À cet effet d’ailleurs, depuis quelques mois, je prends des captures d’écran sur mon téléphone de certains reels Facebook qui s’imposent à mon fil d’actualité. Ces petites vidéos abrutissantes ont ceci en commun : elles mettent en scène des événements survenus à Montréal (écrit bien sûr Montreal, sans accent aigu) ou au Québec (Quebec, idem), mais dans une langue essentiellement anglaise; au mieux, en franglais. On pourrait croire, à première vue, qu’il s’agit de contenu destiné à des touristes internationaux. Malheureusement, ce n’est pas vraiment le cas. Il suffit d’écouter les accents, de voir les lieux et les codes culturels pour comprendre que ces vidéos s’adressent à une jeunesse bien d’ici. Loin du regard de l’Office québécois de la langue française, des dispositions de la loi 101, de la vigilance des politiciens, des baby-boomers et des chroniqueurs issus des médias traditionnels, ce contenu s’impose comme un aperçu brutal de la culture dominante qui se développe actuellement dans les bas-fonds des algorithmes. Et c’est peut-être là ce qui attriste le plus : alors qu’il serait tellement plus original, plus distinctif, plus captivant de se revendiquer comme la plus grande métropole francophone des Amériques, on se présente au monde (et surtout à soi-même) comme une banale ville nord-américaine anglo-consumériste de plus.

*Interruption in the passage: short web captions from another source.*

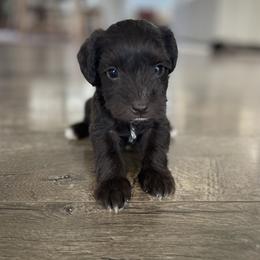 Miniature Schnauzer Puppies from Kelli Palmer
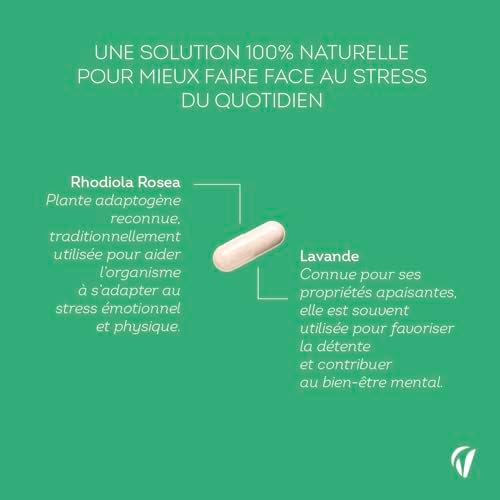 Vue 4 de Rhodiola Rosea Mg Extrait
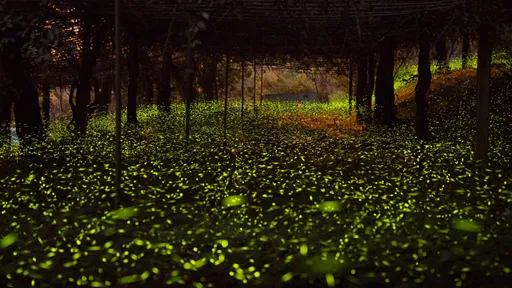 美不勝收!數萬隻火金姑飛舞原鄉 高雄賞螢行程讓他也著迷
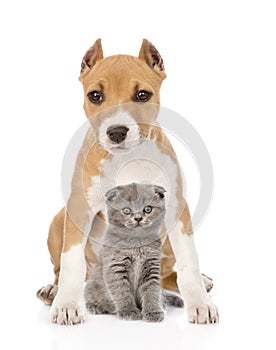 Dog and small cat sitting together. isolated on white background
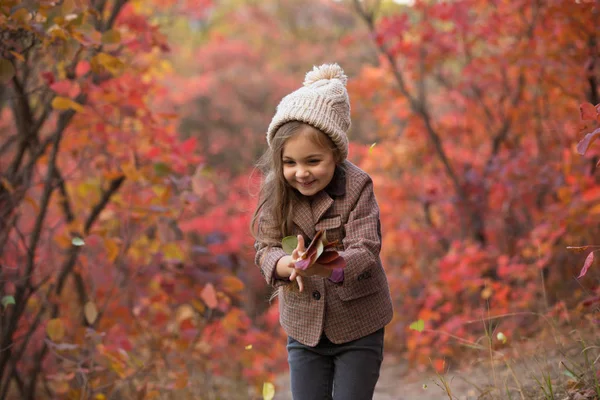 Little girl throw leaves at autumn — Stock Photo, Image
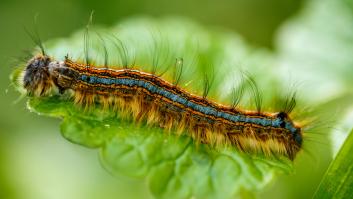Se pone a quitar las malas hierbas y hace un descubrimiento horrible sobre la plaga letal para perros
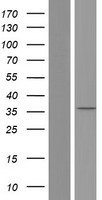 MYD88 Human Over-expression Lysates NM_002468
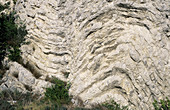 Folded Limestone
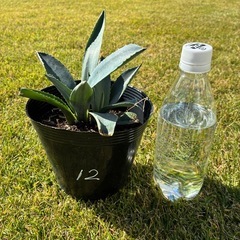 12.アガベ・アメリカーナ（リュウゼツラン）の画像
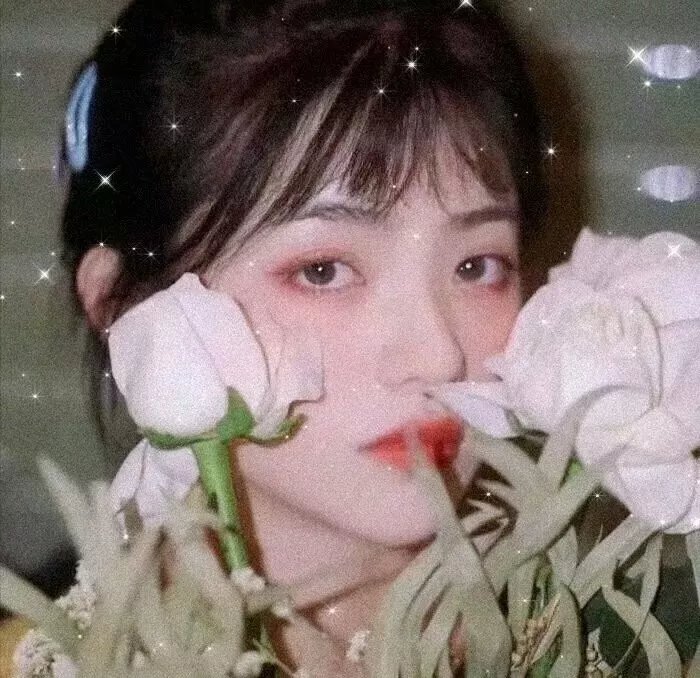 挚爱之路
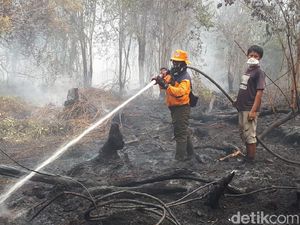 Upaya Petugas Gabungan Berjibaku Padamkan Api Karhutla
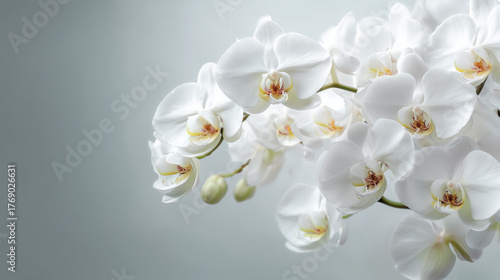 白い胡蝶蘭の背景 / White Orchid Background
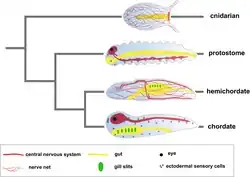 Image of different body plans in a cnidarian from Holland et al.'s 2013 paper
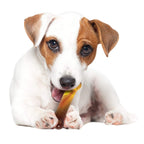 Nylabone Flavor Frenzy Power Chew Triple Pack Chili Cheese Dog, Popcorn  Cherry, 1ea/SMall/Regular  Up To 25 Ibs. 3 ct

Je pose donc la question à nos intellectuels, nos créateurs et nos chroniqueurs : qu’attendez-vous pour braquer vos projecteurs sur ce phénomène ? Qu’attendez-vous pour sonner l’alarme ? Et surtout, pour riposter avec autant de talent, d’humour et de créativité… mais en français ?

Capture d’écran d’une vidéo Facebook localisée à Montréal mais uniquement en anglais

Exemple d’un Reel Facebook apparaissant dans mon flux, malgré la géolocalisation québécoise, entièrement en anglais.

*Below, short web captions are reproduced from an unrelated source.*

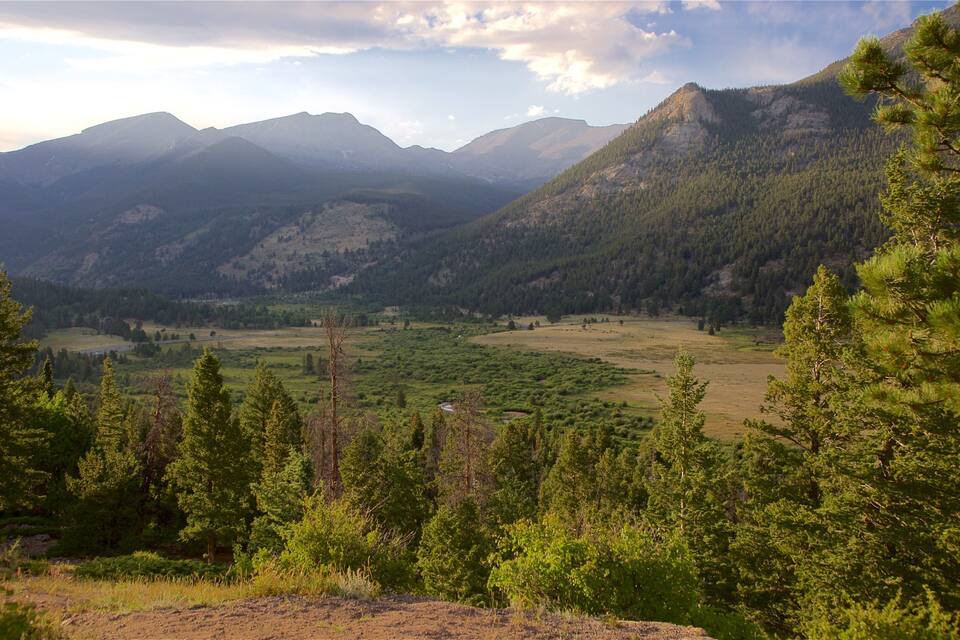 A mountainous landscape with dense forests and a valley.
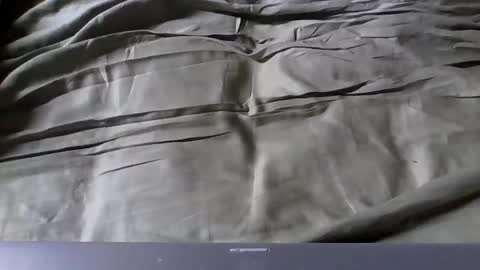 Nick online show from March 2025 11:03:01 AM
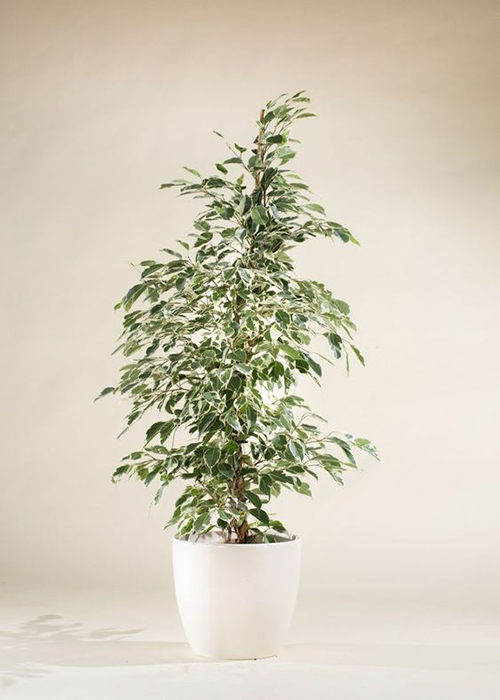 ficus bj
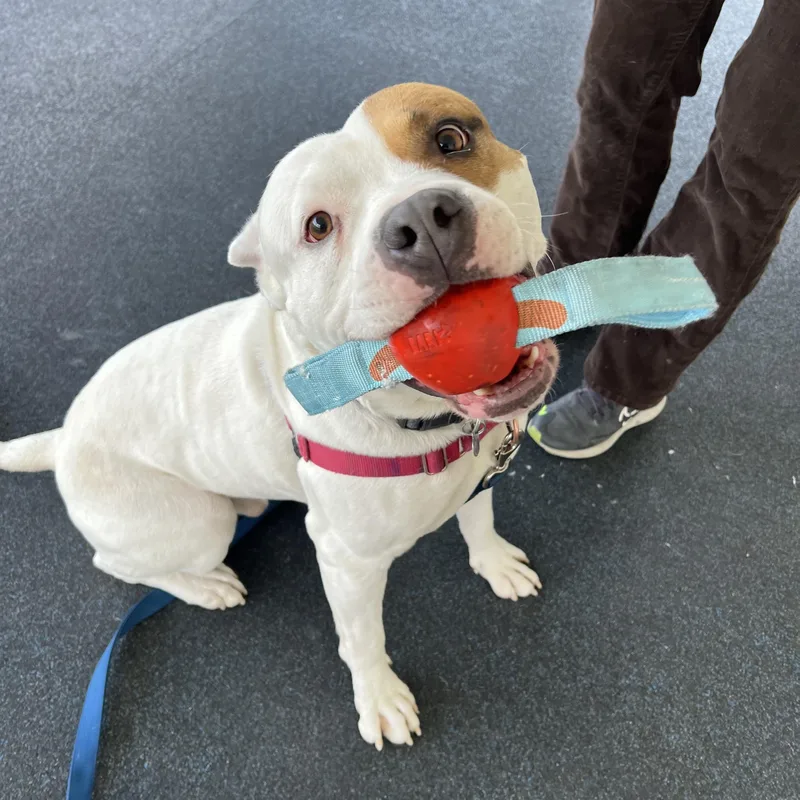 Captain Patch Sparrow thumbnail 5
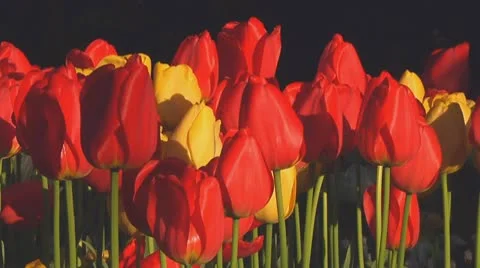 Mixed tulips Stock Footage 10741798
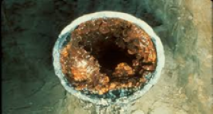 Biofilms clogging the pipeline 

Ce glissement linguistique est tout aussi visible dans les interactions de tous les jours. Sur Facebook Marketplace, la langue d’usage est désormais l’anglais ; souvent même entre francophones. Les annonces de logements en ligne, elles aussi, sont de plus en plus fréquemment rédigées uniquement en anglais, même lorsqu’elles s’adressent à un public local. Sur Tinder aussi, l’anglais s’impose comme la langue de premier contact, surtout chez les 18-35 ans. Et que dire de ces employés précaires, souvent issus de l’immigration récente, qui ne s’expriment qu’en anglais, même dans des points de service bien loin du centre-ville ? Cette tendance sociologique déborde maintenant largement des limites de la métropole. On la retrouve aux abords de toutes les grandes autoroutes, dans les haltes-routières, les commerces de banlieue, les stations-service. L’anglais s’impose comme la langue par défaut, comme si le territoire québécois lui-même n’était plus porteur d’aucune exigence culturelle ou linguistique? Ce n’est pas qu’un choix personnel : c’est un indicateur que notre société ne transmet plus les bases mêmes de sa culture d’accueil.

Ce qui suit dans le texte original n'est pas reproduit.